By Muyange Yves
Electrogaz has had a policy to introduce prepayment electricity metering since 1995. The first prepayment system, which was introduced in July 1995, comprised 500 single phase prepayment meters with magnetic cards. In the second phase of the project between February 1996 and November 1999, 14,000 (12,500 single phase and 1,500 three phase) numeric token-based prepayment meters were installed. These prepayment meters, using the Landis+Gyr proprietary CTS (Cashpower Transfer Specifications) algorithm, were managed with the Prima management software from Landis+Gyr up to December 1999. At that time a system upgrade was introduced, including an upgrade of the Prima system to Prima Plus, which was both Y2K and STS compliant, and opened the way for integration of STS compliant prepayment meters from other suppliers into Electrogaz’s electricity system. As of 2005, at the time of launching the upgrade, Electrogaz had approximately 40,000 prepayment customers.
Electrogaz has 85,000 electricity customers across the country, including 50,000 in Kigali and 35,000 up country. Rwanda covers an area of 26,340 km2 and its population numbers approximately 8.5 million. The objectives of the prepayment system upgrade were two-fold. On the one hand it was required to phase out the last conventional meters in Kigali and expand prepayment across the country, and on the other to implement modern, state of the art software with advanced functionalities and technological features, such as Internet and mobile solutions, to improve revenue collection and customer services.
In July 2005 an initial submission for funding was made to the World Bank through the Competitiveness and Enterprise Development Project (CEDP) under Rwanda’s Ministry of Commerce. Following its acceptance a tendering process was then embarked upon for a new prepayment system of 18,000 prepayment meters, which resulted in contracts to Conlog for the meters and to Landis+Gyr for its Suprima version 3 system, as well as to Connect Africa Technologies to undertake the system implementation.

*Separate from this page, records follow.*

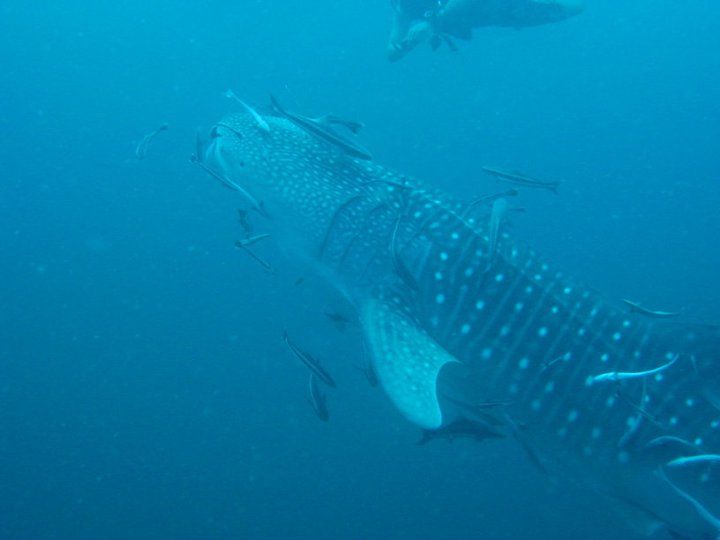 b311b736-e203-4f72-bf09-3f887287a4fa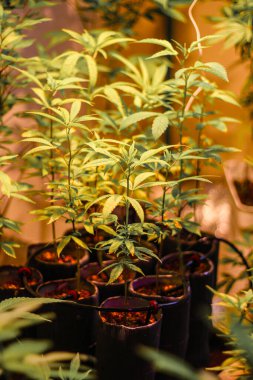 Serada esrar bitkisi yetişiyor.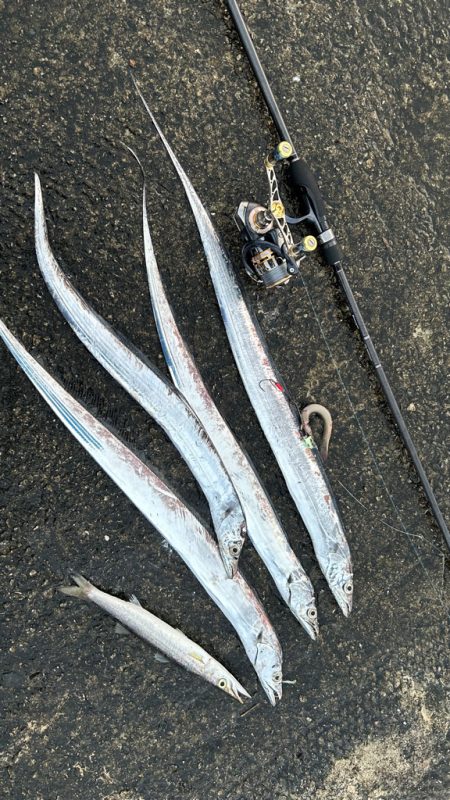 2週間後のタチウオ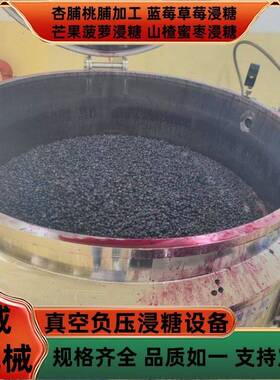山楂蜜枣蜜饯浸糖加工流水线芒果菠萝果脯浸糖设备五彩蜜豆浸糖机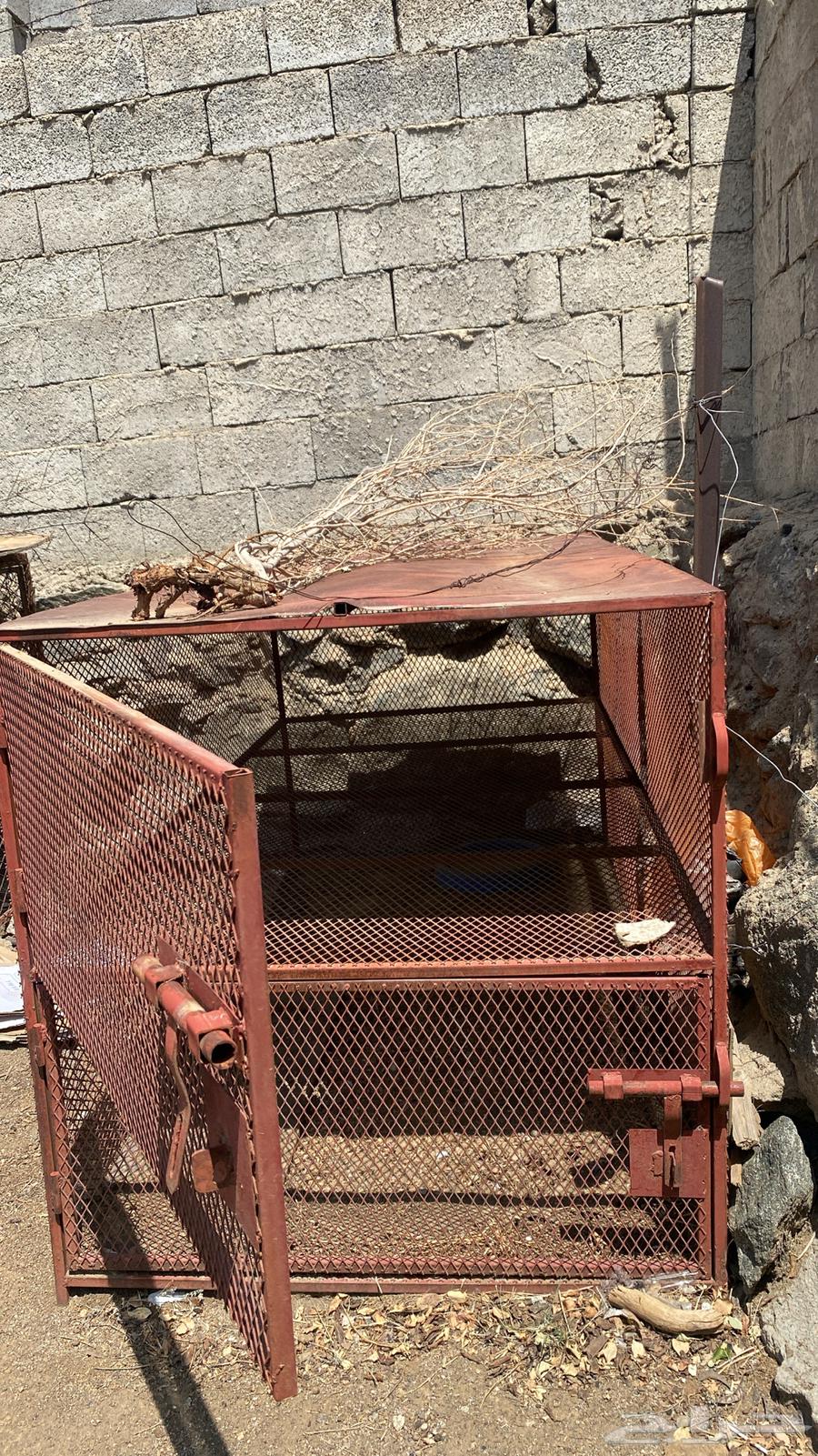 للبيع شبك دجاج او حمام دورين جديد .64608554769539113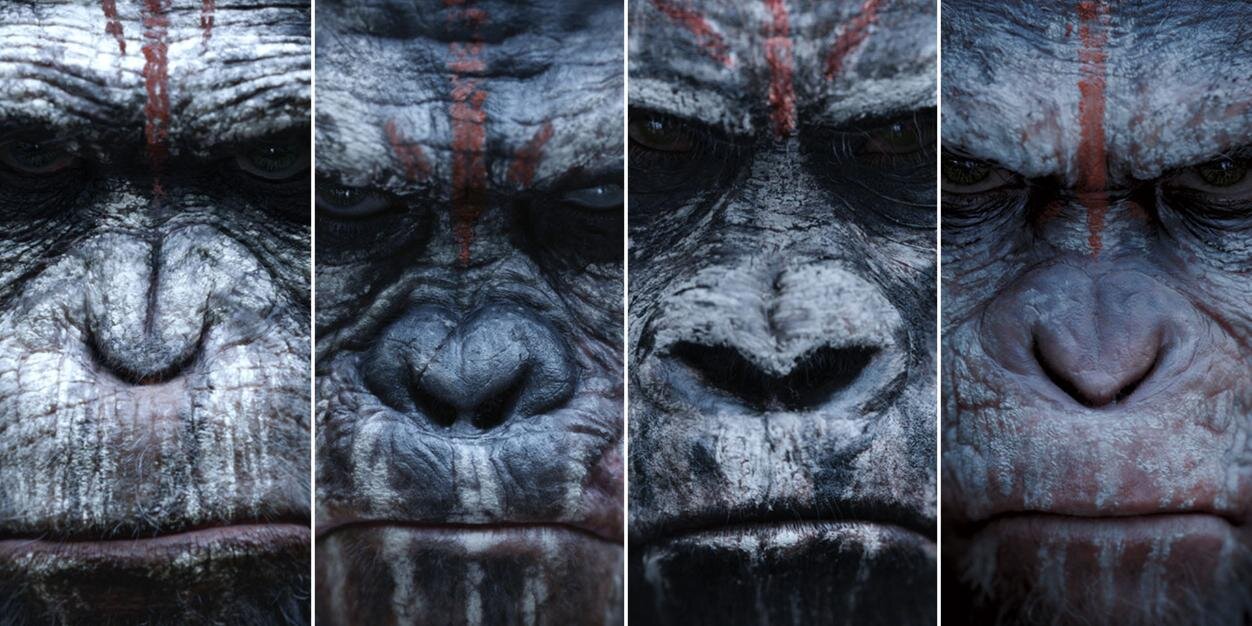 _angrymonkey's profile banner image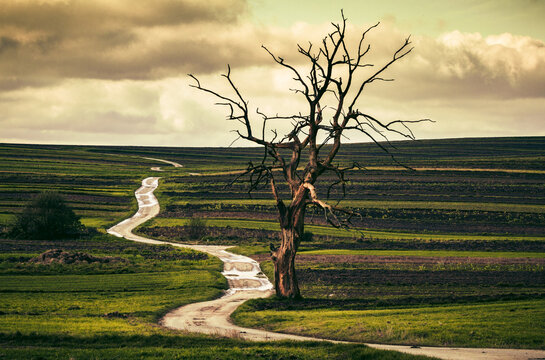 Lonely tree near by winding path in Suloszowa , Poland. Hangman's Tree.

The architecture of the new system is shown in Figure 1. The Suprima system comprises eight servers (2 System Master Stations, 3 transaction servers, 3 E-vend servers), 8 management stations, 57 E-vend (online) stations and 37 CDU (off-line) vending point licences (CDUs), and mobile telephones. These provide national coverage with both online and offline configuration, and a facility for differential/stepped tariff per customer category. The system was commissioned in October 2006, with configuration of both online and offline Suprima vending licences in each of Electrogaz’s outlets, with a subsequent upgrade to support the high system demand and growth.
OUTSOURCING OF SALES
The outsourcing of prepayment sales was launched in December 2006 to sub-vendors or “dealers”, including shops, supermarkets, tele-centres, cyber cafés and petrol stations in a 3-month pilot project. The system comprises two levels of dealers and superdealers. These dealers are provided with laptops with a high speed Internet connection and mobile cell phone SMS querying, and they are required to make a bulk purchase of electricity – a minimum amount currently of Rwf5 million (US$9,100) – which they then resell to their customers. When this is exhausted and they apply for a re-purchase, they are paid their commission on the previous sales. As the system is online, Electrogaz is able to monitor sales and credits.
Two super dealers – Pivot, a local ICT company and SMS Media, a local media content provider – have also been contracted. They are installing their own systems to provide mobile vending using mobile phones and POS terminals. These super-dealers have a higher commission structure and are currently at an advanced stage of implementing their systems.
At the same time as the launch of the outsourcing pilot, a 3-month education and marketing campaign was launched for the public, with adverts on the radio and TV, the publication of information brochures and holding of events. Electrogaz also adopted the motto “With the prepayment system, you save your time and money, you enjoy the new technology!”
Subsequently the installation of prepayment meters has been speeded up, with the aim of supplying prepayment to all customers, including new connections. A further tender for 10,000 prepayment meters was announced in February 2007 and the tender for an additional 10,000 meters is in preparation (Figure 2). Currently prepayment meters in the Electrogaz network include Actaris Taurus Tsk and Taurus Isp+, CBI Ecolec 570, Conlog BEC23PL, BEC32P, BEC33P, and Landis+Gyr Cashpower 2000 Big Box, Sabre ECU.
Customers have indicated that they like prepayment as there are no accrued debts and account problems, there is better control of consumption and budget, and better utility relations, as they can purchase their electricity at any place far or close to their location. It has also provided creation of employment and revenue enhancement through the vending outsourcing for the fixed dealers and mobile vendors, ease of management, monitoring and control with the system online, and improved cash flow through the bulk purchasing scheme (Figure 3).
The upgrade project described above received the Prepayment Innovation Award in the project category in 2007. Electrogaz believes that prepayment is a key to improving both service to customers and revenue collection. Such has been the success of the electricity prepayment project that the utility is now embarking on an investigation and pilots for prepayment water meters.